『Red(島本理生 著)』を読みました
傷を抱えて生きることを免罪符にしても良いかという疑問
個人的な感想になるが登場人物は全員が屑。
率直な感想を述べると昼ドラ版のアウトレイジとも考えられる。
誰しも自分が一番可愛いのだ。が、一番可愛いハズの自分が外圧にせよ内圧による束縛にせよ愛せなくなった時に人は壊れる。
きっかけは単なるセックスレスだったのかも知れない。
しかしそれは一側面に過ぎない。
家庭、仕事、社会的役割、生育環境、性別、本当にあらゆる呪縛が絡みつく中でバランスを失った極地が描かれたのが本作である。

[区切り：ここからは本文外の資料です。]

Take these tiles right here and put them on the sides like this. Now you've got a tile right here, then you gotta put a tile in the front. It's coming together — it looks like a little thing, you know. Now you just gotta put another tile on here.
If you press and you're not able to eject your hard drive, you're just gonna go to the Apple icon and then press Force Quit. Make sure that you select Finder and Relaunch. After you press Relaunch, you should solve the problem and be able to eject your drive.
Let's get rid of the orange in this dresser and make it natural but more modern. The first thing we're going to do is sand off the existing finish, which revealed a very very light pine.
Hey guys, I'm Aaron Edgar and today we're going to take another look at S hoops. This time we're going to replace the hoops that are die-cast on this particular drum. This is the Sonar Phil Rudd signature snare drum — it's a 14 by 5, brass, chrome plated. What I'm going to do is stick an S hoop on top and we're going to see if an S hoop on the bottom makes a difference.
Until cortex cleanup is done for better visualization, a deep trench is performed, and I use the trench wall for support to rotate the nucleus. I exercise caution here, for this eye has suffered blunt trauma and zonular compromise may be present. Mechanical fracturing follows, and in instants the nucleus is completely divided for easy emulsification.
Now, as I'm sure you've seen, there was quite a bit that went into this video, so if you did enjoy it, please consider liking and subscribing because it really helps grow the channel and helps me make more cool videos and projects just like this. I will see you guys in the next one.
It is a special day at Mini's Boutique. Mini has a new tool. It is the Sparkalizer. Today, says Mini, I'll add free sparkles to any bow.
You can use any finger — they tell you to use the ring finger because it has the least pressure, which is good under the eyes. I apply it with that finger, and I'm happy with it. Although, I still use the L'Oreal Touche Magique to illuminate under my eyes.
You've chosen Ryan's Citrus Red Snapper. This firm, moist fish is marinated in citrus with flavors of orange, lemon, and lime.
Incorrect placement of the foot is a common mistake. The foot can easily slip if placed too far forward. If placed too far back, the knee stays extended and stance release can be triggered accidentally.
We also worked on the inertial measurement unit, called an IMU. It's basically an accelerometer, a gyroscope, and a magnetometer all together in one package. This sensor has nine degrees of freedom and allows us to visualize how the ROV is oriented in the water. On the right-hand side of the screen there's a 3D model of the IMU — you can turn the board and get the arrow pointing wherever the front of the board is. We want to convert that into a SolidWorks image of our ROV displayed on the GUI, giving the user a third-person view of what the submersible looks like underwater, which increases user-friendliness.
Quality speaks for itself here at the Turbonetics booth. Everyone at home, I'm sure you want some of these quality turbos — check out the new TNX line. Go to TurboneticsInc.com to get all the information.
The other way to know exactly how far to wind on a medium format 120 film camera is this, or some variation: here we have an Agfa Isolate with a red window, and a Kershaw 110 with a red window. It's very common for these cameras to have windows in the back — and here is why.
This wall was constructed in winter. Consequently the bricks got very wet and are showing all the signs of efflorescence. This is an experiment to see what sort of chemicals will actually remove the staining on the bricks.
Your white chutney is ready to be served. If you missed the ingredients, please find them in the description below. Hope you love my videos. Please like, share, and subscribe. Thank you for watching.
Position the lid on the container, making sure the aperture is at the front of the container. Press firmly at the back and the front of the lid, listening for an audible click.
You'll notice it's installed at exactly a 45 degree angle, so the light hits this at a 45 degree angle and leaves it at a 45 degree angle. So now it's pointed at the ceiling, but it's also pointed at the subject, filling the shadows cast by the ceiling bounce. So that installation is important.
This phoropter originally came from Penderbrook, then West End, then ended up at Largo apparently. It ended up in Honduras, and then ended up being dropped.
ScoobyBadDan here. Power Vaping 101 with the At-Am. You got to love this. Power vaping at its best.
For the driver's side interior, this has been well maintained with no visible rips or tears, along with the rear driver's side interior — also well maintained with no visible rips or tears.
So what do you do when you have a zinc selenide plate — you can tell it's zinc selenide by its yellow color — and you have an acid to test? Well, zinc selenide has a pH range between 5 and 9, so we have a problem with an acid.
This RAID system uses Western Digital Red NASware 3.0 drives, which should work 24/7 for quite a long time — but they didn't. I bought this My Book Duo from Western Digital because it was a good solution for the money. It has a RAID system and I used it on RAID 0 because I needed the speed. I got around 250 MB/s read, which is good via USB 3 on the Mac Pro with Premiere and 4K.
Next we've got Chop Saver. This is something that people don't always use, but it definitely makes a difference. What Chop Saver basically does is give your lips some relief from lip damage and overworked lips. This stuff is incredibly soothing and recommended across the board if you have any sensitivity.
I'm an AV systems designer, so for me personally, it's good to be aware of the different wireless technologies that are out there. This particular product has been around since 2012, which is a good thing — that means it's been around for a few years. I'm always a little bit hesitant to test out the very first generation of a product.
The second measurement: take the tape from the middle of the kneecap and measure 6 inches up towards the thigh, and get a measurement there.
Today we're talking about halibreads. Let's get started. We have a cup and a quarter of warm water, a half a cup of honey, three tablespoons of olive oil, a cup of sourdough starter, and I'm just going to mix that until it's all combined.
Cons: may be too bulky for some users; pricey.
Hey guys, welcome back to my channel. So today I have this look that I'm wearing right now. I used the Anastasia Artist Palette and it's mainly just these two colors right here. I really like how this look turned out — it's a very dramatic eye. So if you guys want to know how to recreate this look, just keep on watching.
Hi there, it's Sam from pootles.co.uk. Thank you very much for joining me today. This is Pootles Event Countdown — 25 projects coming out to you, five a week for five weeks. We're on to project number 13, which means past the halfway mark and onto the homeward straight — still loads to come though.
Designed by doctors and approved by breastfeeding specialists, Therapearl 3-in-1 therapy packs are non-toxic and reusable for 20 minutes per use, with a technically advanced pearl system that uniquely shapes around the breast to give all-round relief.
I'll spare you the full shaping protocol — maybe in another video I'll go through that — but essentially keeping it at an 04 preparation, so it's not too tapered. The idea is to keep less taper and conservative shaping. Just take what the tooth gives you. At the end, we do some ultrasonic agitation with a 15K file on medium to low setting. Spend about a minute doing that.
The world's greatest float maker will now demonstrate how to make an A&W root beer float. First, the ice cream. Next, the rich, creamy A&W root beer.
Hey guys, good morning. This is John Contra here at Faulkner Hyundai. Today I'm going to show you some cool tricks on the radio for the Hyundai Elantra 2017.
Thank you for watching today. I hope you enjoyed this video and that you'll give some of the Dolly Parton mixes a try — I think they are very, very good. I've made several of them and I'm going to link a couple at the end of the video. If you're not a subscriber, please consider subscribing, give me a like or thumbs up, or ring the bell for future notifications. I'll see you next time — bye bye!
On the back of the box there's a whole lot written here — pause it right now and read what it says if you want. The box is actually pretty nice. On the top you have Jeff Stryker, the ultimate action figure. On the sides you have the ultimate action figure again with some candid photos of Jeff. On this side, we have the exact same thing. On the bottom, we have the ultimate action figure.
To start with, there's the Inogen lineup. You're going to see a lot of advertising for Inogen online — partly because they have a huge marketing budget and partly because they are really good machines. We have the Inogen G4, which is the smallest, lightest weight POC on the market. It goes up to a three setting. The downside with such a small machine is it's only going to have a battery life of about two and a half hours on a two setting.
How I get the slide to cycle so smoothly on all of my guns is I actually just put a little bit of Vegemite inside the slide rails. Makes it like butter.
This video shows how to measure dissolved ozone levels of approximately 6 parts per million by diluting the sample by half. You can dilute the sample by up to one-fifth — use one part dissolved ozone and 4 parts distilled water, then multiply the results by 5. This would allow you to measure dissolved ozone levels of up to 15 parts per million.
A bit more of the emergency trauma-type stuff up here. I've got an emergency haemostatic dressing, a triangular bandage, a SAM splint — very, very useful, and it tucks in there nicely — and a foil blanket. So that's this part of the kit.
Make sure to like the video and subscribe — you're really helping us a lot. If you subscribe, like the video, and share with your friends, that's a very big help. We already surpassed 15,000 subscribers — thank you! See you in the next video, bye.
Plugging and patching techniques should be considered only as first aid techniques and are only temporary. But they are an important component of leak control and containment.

評価したい点は、子を守るために主人公が最後に妥協点を見出したことである。
文字通り子供は自身の半身である。
何に代えても守らなければならい。その決意を固めたことは評価しなくてはいけない。
この小説はともすれば危険だ。
ストレスという危うさを孕む現代人にとって、自身の都合の良い解釈をして本作を免罪符にすることだってありうる。
それほどに強烈な描写が多い。
さて、タイトルに題した通り個人的には登場人物達の人間性を評価しない。
彼らなりの事情があることは承知のうえで、人は全体の中で生きていくのだ。結果的に元に戻ったとはいえ、彼らの壊れ方は反社会的だと思う。
慮るべきとは思うが、文明人は言葉を持つのだ。
黙って察せは人として許されない。
…とわかっていてもこういう作品が生まれるのは現実にどれほど強靭に上記の言葉のやり取りを実施できている人間が少ないかの裏返しなのかもしれない。
勧めるべき人には刺さりまくるだろう。
これを読みたくなるような精神状態にはなりたくないものだ。